Miseri! io veggio pur quanto v’incresca
Non più i consigli udir, ch’ei così spesso
Dava ad altrui, ma pria dava a se stesso.
     Di suo cor donno, il giusto, e saggio questa
Vita mortal nè abborre, nè disia;
Ben l’odia il vile, e troppo l’ama il reo.
Ma sì com’uom, ch’entra a compir sua via,
Tranquillamente in nave a scioglier presta,
Tale il mio Guenzi il gran passaggio feo,
Nè a lui morte poteo,
Quando armata lo assalse a mezzo il corso.
Il lieto viso far turbato, e tristo;
Nè opporle egli fu visto
Esterno ardir con cor pien di rimorso:
Altrui dolse il gran colpo, e angoscia, e duolo
Ingombrò il loco, ond’ei prendea suo volo.

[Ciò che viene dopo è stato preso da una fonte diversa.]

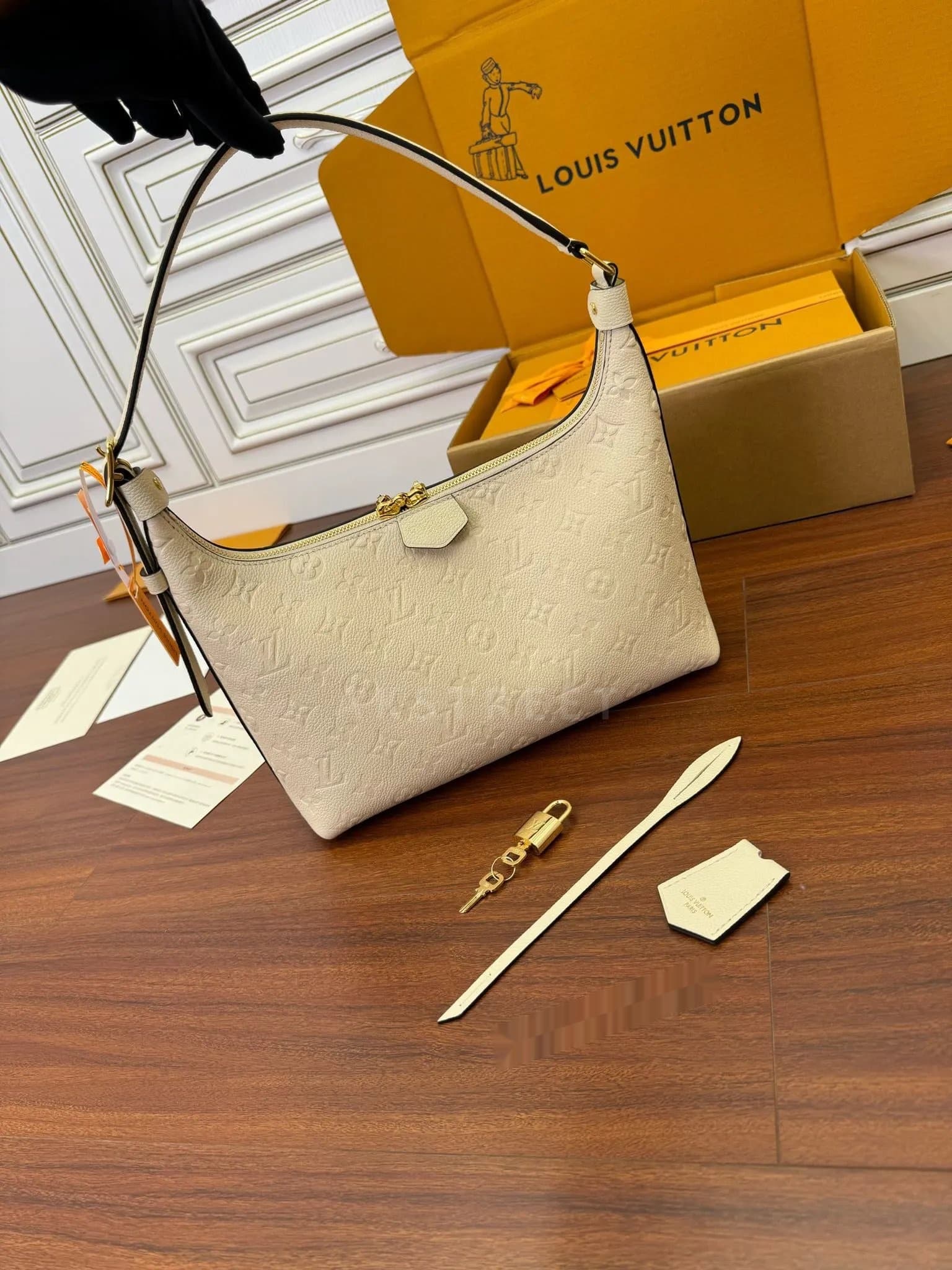 LV Louis Vuitton Adjustable Shoulder Strap Zipper Opening Embossed Soft Grain Cowhide Handbag Women's M46609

Il suo conversare fu ameno, e piacevole del pari, che castigato anche fra mezzo agli estemporanei versi, che in amichevoli adunanze gli stillavano dal labbro dolcissimi; in somma quale si conveniva a persona avvezza a frequentare le più colte società, e distinti personaggi per ingegno, scienza, e cariche segnalati. [p. 238 modifica]

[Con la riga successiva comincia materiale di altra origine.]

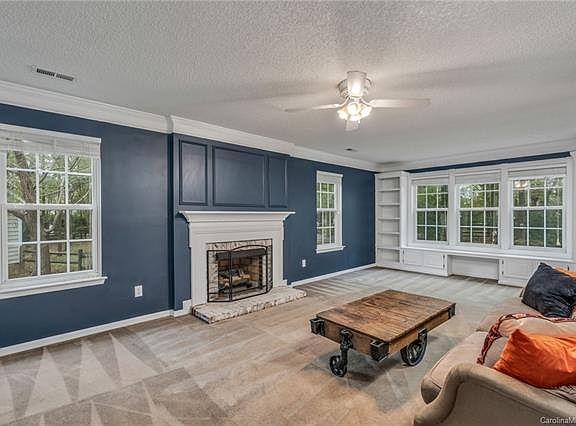 4th image of 2847 Whaleys Ct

Negli ultimi suoi anni passò a Parigi per affari di commercio relativi allo stabilimento da esso fissato in capo de’ suoi fratelli in Milano, e là finì di vivere l’anno 1778., il sessantesimo settimo dell’età sua, con rincrescimento di tutti i buoni, cosicchè non dubitiamo punto, che questo nostro concittadino debba tener luogo fra i più colti professori di lettere, che abbiano illustrato» il Piemonte.

C. V. M.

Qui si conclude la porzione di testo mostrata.